Official newspapers did not reveal if any of the nation's estimated 2,000 political detainees would be freed in the amnesty, but an opposition party spokesman said he heard four prominent political prisoners may be released.
The New Light of Myanmar newspaper said 9,002 prisoners would be released on Tuesday due to good conduct and "to enable them to serve the interests of the regions and ... the fair election to be held in 2010".
"Plans are being made for those serving prison terms to turn them into citizens to be able to participate in building a new nation," the paper added.
The United Nations has urged the regime to free all political prisoners, the most famous of whom is democracy leader Aung San Suu Kyi. She has been detained for most of the last 19 years.
A spokesman from her National League for Democracy (NLD) said similar amnesties in the past had not included political prisoners but noted that a few NLD supporters may have been freed on Tuesday.
"We heard that four prominent political prisoners including Win Tin were released. But so far we haven't got any confirmation. We are trying to confirm this with their family members," Nyan Win told AFP.
Win Tin, a 78-year-old journalist, is the country's longest-serving political prisoner and has been detained since 1989. His friend Maung Maung Khin said they were waiting hopefully for any news of his freedom.
United Nations human rights envoy to Myanmar Tomas Ojea Quintana met with Win Tin and other prominent political prisoners inside the notorious Insein Prison when he visited the country in August.
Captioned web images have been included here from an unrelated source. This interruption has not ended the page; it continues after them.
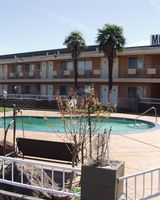 Americas Best Value Inn - Red Bluff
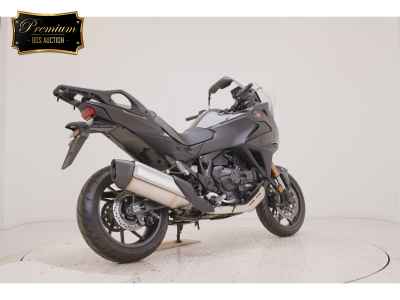 Honda NT1100 2025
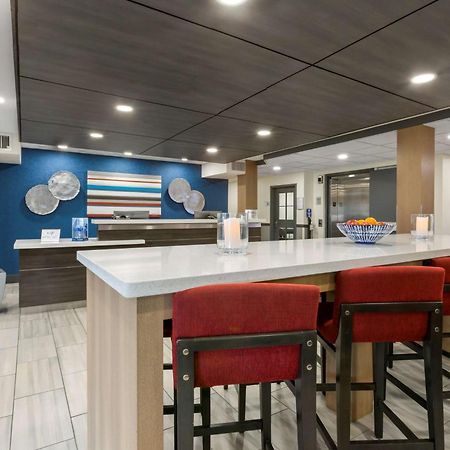 Best Western Plus Yuma Foothills Inn & Suites Ngoại thất bức ảnh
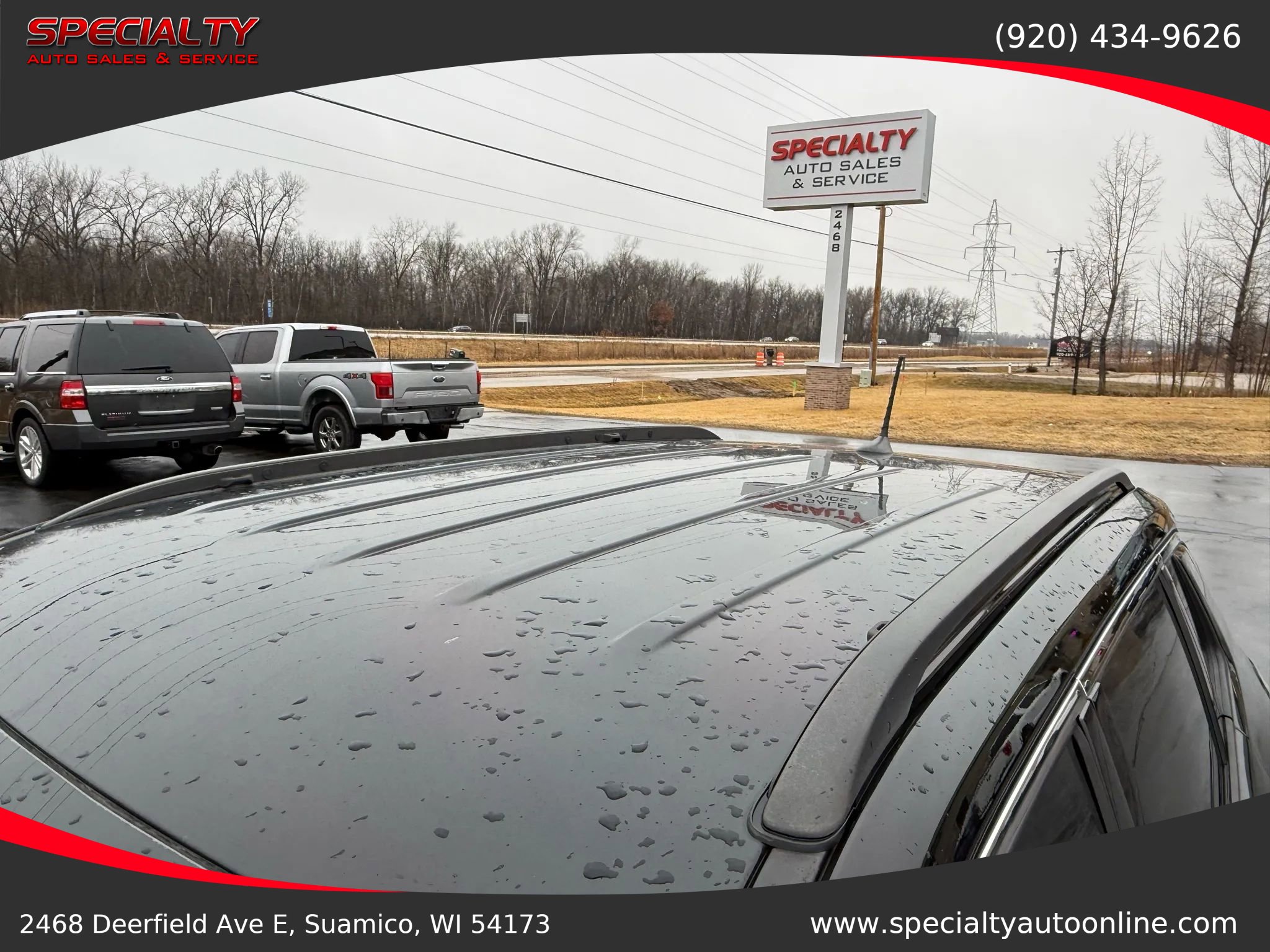 Used 2019 Jeep Compass Latitude w/ Popular Equipment Group image 10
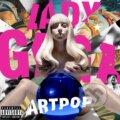 Hudební CD: Lady Gaga: ArtPop (Hudobné albumy). Hudobné albumy, 2019 Hudební CD: Lady Gaga: ArtPop (Hudobné albumy). Hudobné albumy, 2019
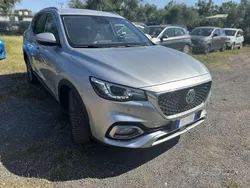 Argento Usata 2023 MG HS Comfort SUV | 14.950 € (Super prezzo)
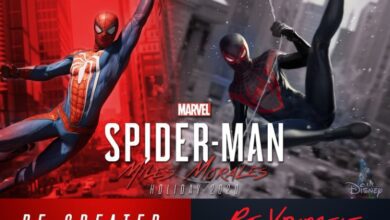 Photo of Spider-Man 2 for PlayStation 5 will offer convenient accessibility options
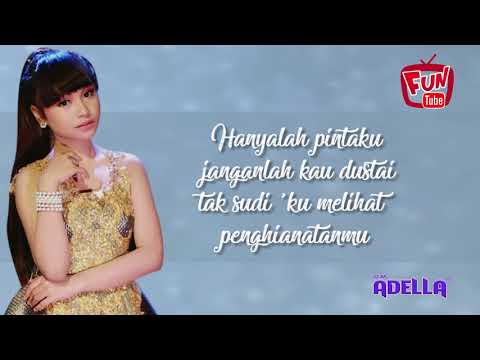 Ungkapan Hati Tasya Rosmala  with lyric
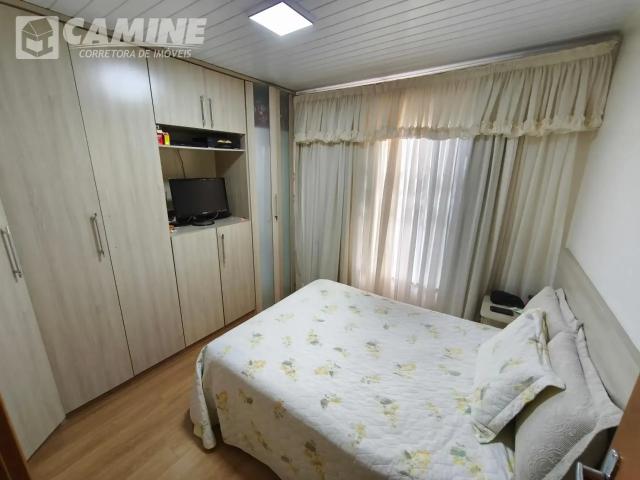 Casa / Sobrado para Venda em União da Vitória/PR Cristo Rei 2 Quartos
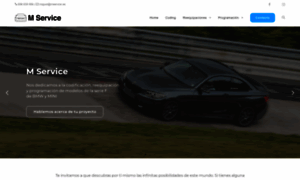 Mservice.es thumbnail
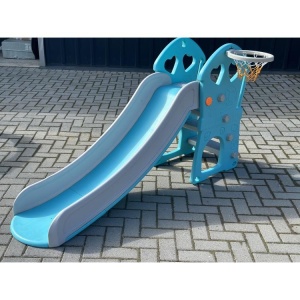 TOBOGAN 180X76X98cm BLUE - Img 6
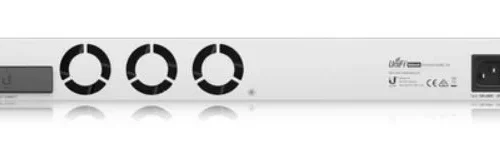 Alternative view of UBIQUITI Networks UniFi Enterprise XG 24 Switch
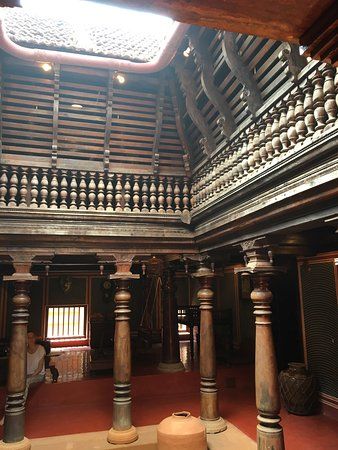 Hasta Shilpa- Antique Museum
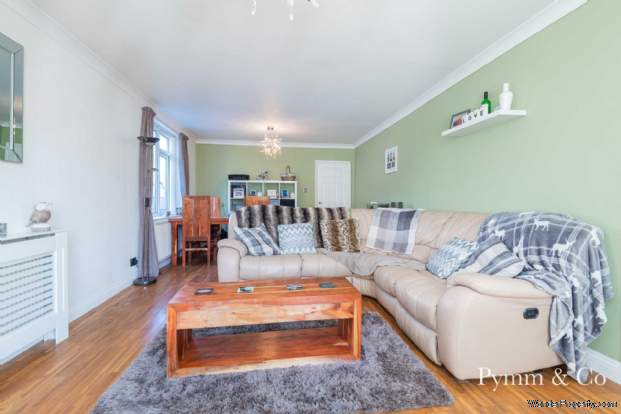 Additional Property Image 2 bedroom Detached Bungalow for sale in Norwich 5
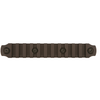 KeyMod Picatinny Rail Section, Aluminum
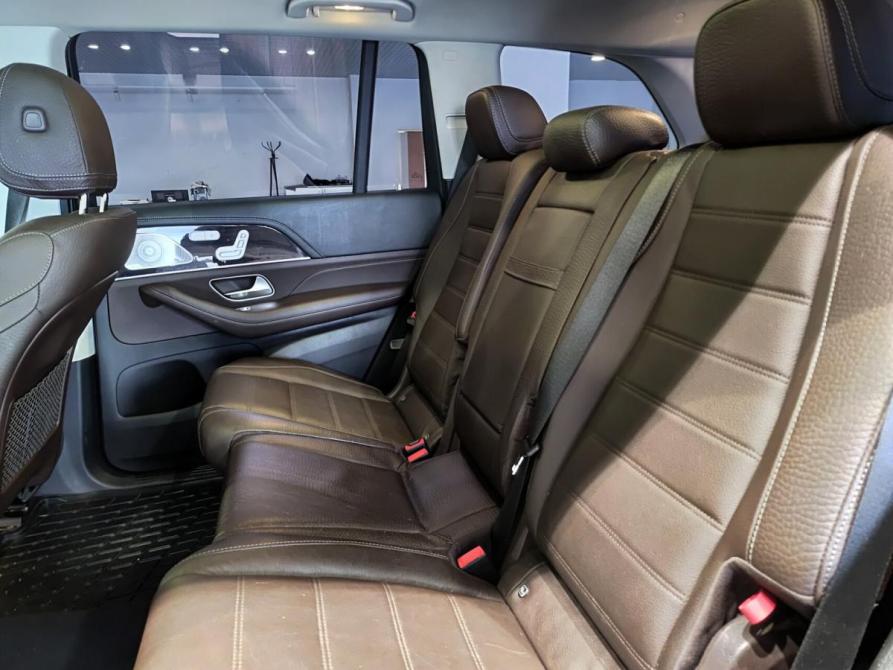 Mercedes-Benz GLS II (X167) Казань  - изображение 15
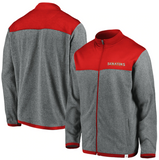 Ottawa Senators NHL Fanatics - Polar Full-Zip Jacket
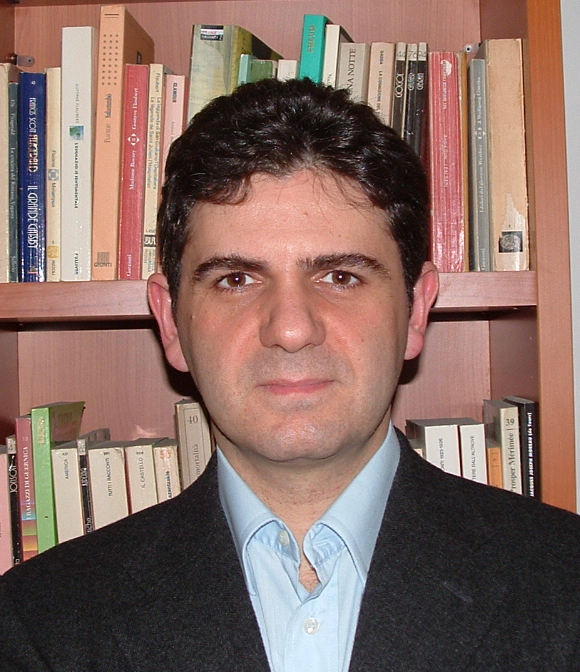 Gallery of Walter Lacarbonara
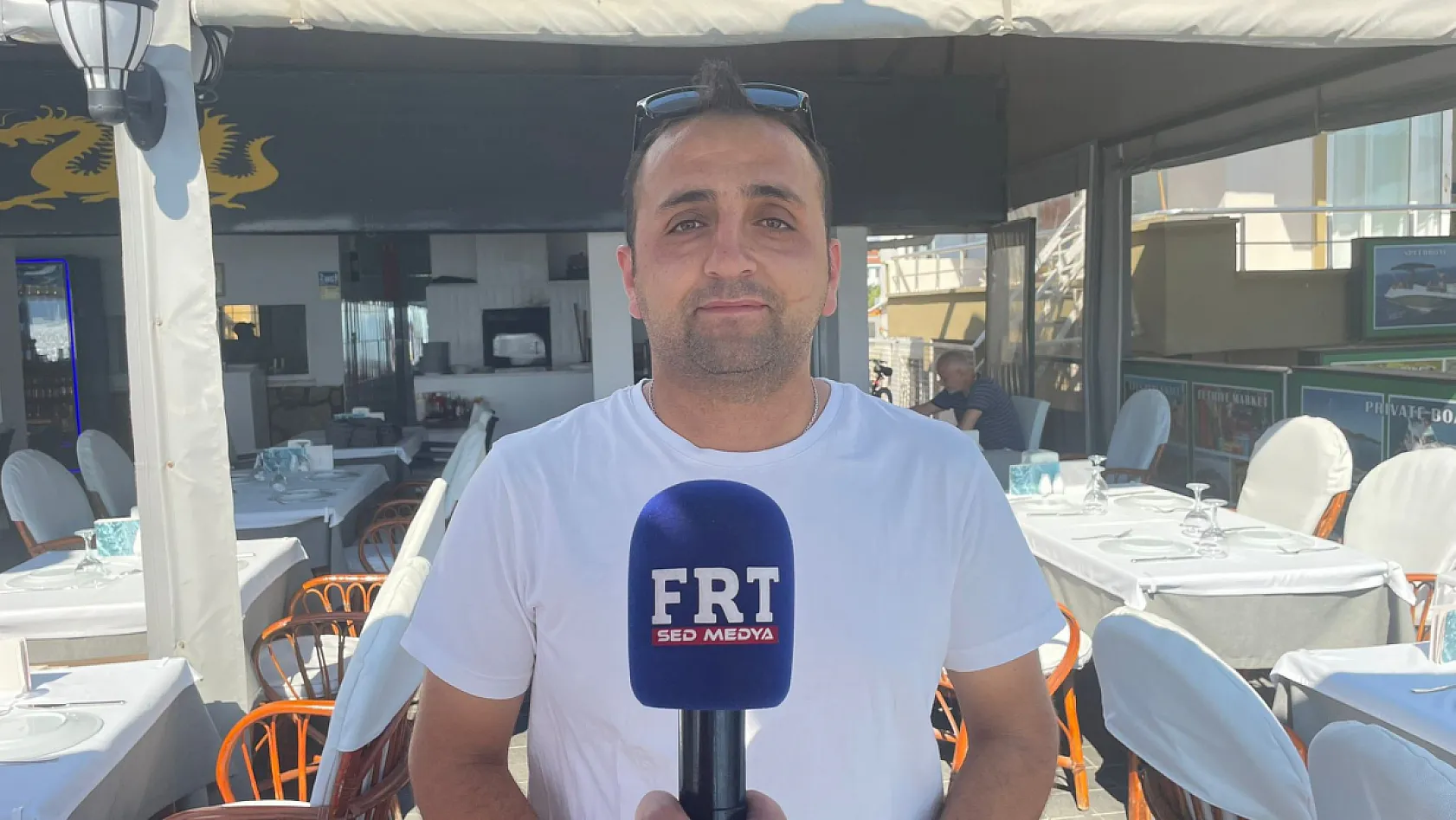 Çalış esnafından net mesaj: 'Fethiye pahalı değil, algı yanlış'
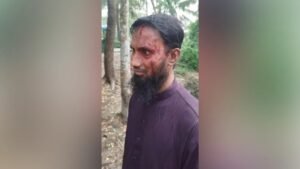 মনপুরায় মসজিদ থেকে ডেকে শিক্ষক ও ভাইকে নিরাপত্তা ঘটনায়
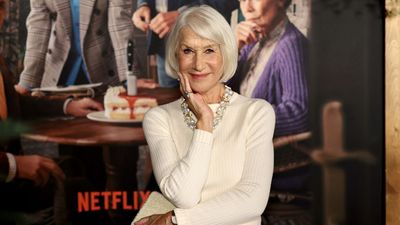 'It just doesn't work' - Helen Mirren says James Bond 'can't be a woman'
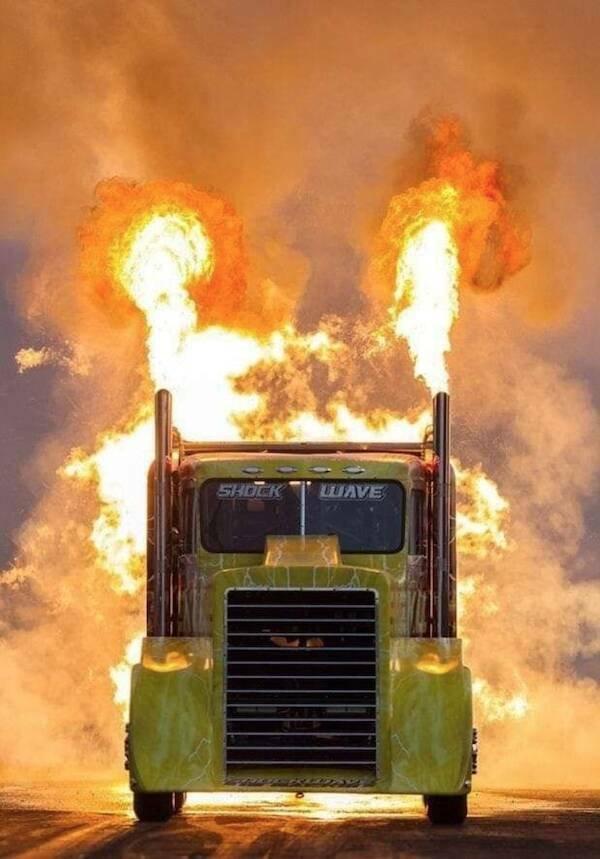 Подборка прикольных фото №3835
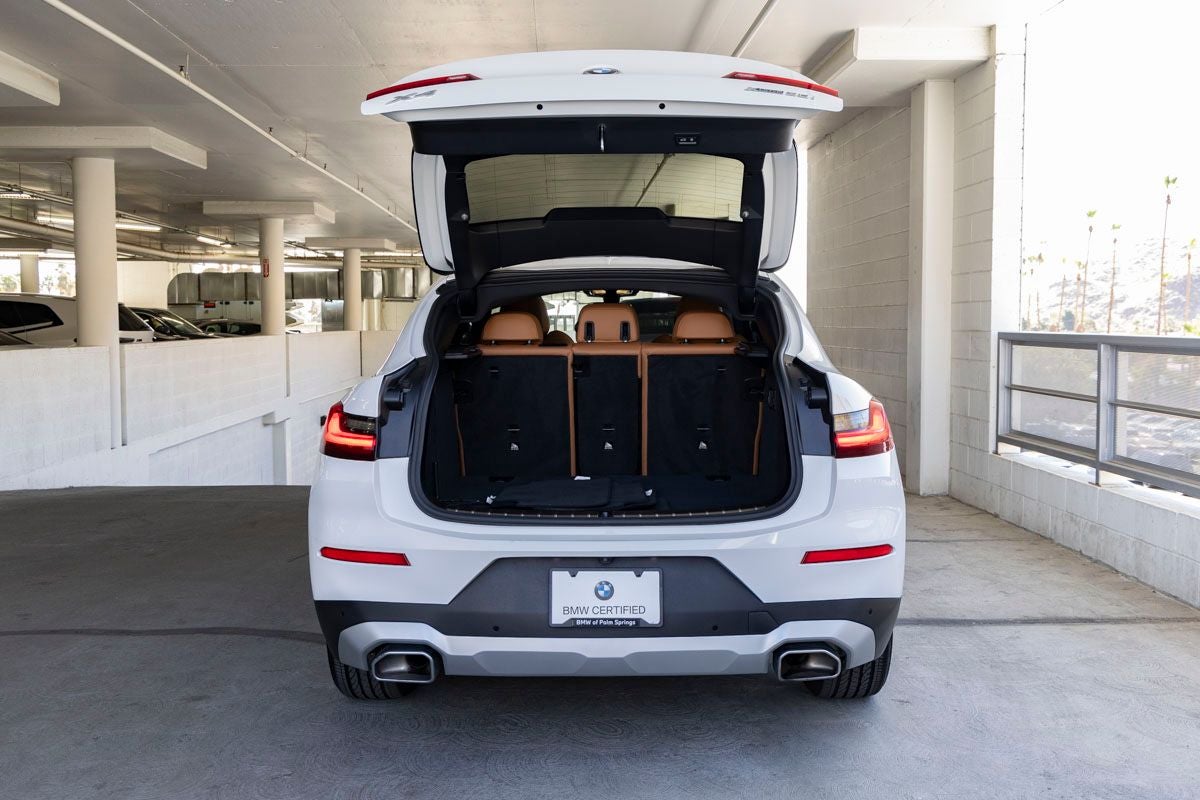 2023 BMW X4 xDrive xDrive30i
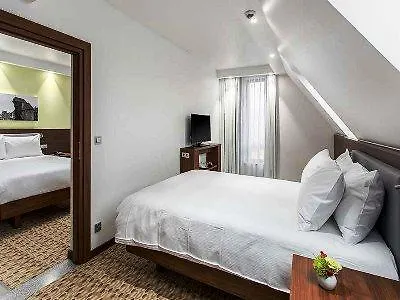 Hampton By Hilton Oliwa Gdansk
They included Buddhist monk Gambira, who helped lead massive anti-government protests in September last year.
About 700 of the 2,000 political prisoners that human rights groups say are currently behind bars were arrested during those demonstrations, which the regime quashed a year ago this week.
The UN has said at least 31 people were killed during the crackdown, and security has been tight in Yangon during the anniversary of the violence.
Myanmar's military government has said it will hold multi-party elections in 2010, but critics say the polls are just a way for the generals to solidify and legitimise their power.